Over the past few days, there have been a lot of articles about the new flag the Coalition Provisional Authority is floating for Iraq [ BBC | AP (via Salon) | The Guardian | al Jazeera | The Globe and Mail | Daily Farce (satire) | Muslim Wake Up! (satire) ]. Most of the commentary, such as the article from The Globe and Mail, have been pretty good with explaining vexillology, the old flag, and the new flag, but the initial AP report by Lee Keath claimed that Saddam Hussein addاللهُ أَكْبَر to the old Iraqi flag in the 1980s:
The old Iraq flag had red and black bands across the top and bottom, and a white band in between with three green stars.

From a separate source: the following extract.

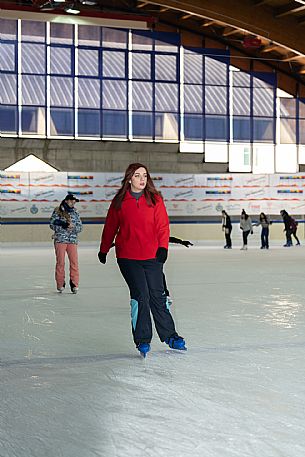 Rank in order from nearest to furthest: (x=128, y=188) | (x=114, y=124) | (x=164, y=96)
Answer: (x=128, y=188), (x=114, y=124), (x=164, y=96)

During the 1980s Iran-Iraq war, Saddam added the words "Allahu akbar" to boost the religious credentials of his secular regime.
But the addition was actually made in 1991, just prior to the first Gulf War. Later reports fixed the error, but many papers seem to have only run the original AP report.

It should have been a simple thing to fact check (especially since the argument about boosting religious credentials was something Saddam needed when facing Coalition forces in 1991, not during the Iran-Iraq War -- at that point it was his secularism that was drawing support from Washington).

The other one that made me stop and wonder was in an article (subscription required) by Patrick Day in the 19 April Los Angles Times (I picked up a copy while in Las Vegas):
Revenge may be a dish best served cold, according to the Klingon proverb, but apparently a single serving is all moviegoers wanted this weekend, as "Kill Bill Vol. 2" easily beat "The Punisher" for the top place at the box office, according to estimates released Sunday.
Okay, I admit I didn't immediately place the origin of "revenge is a dish best served cold" -- it's from Pierre Ambroise François Choderlos de Laclos's Les Liaisons dangereuses: "La vengeance est un plat qui se mange froid." -- but I knew it wasn't originally Klingon.

It was a throw-away lede that attempted to be cute (something I tend to dislike anyway), but still. Revenge is central to both Kill Bill and The Punisher, but the Klingon reference did nothing for that theme or the story. Instead it seems the author (or editor) never bothered to track down the originator of the quote.

And, by the by, the Klingon version is bortaS bIr jablu'DI', reH QaQqu' nay' ("When cold revenge is served, the dish is always very good"), according to the Klingon Imperial Diplomatic Corps message boards. And to totally geek out about it, in pIqaD, the phrase is (using the KlingonTNG TrueType font) BORTAS BIR JABLU'DI', REH QAQKU' NAY'.

[ADDENDUM: Margaret pointed out in the comments that the connection of Klingons and serving suggestions for revenge was made in the opening of Kill Bill Vol. 1, so I there is a reason for the connection in the LA Times article. Also, it looks AP movie writer David Germain addressed the quote-sourcing issue when Vol. 1 came out.]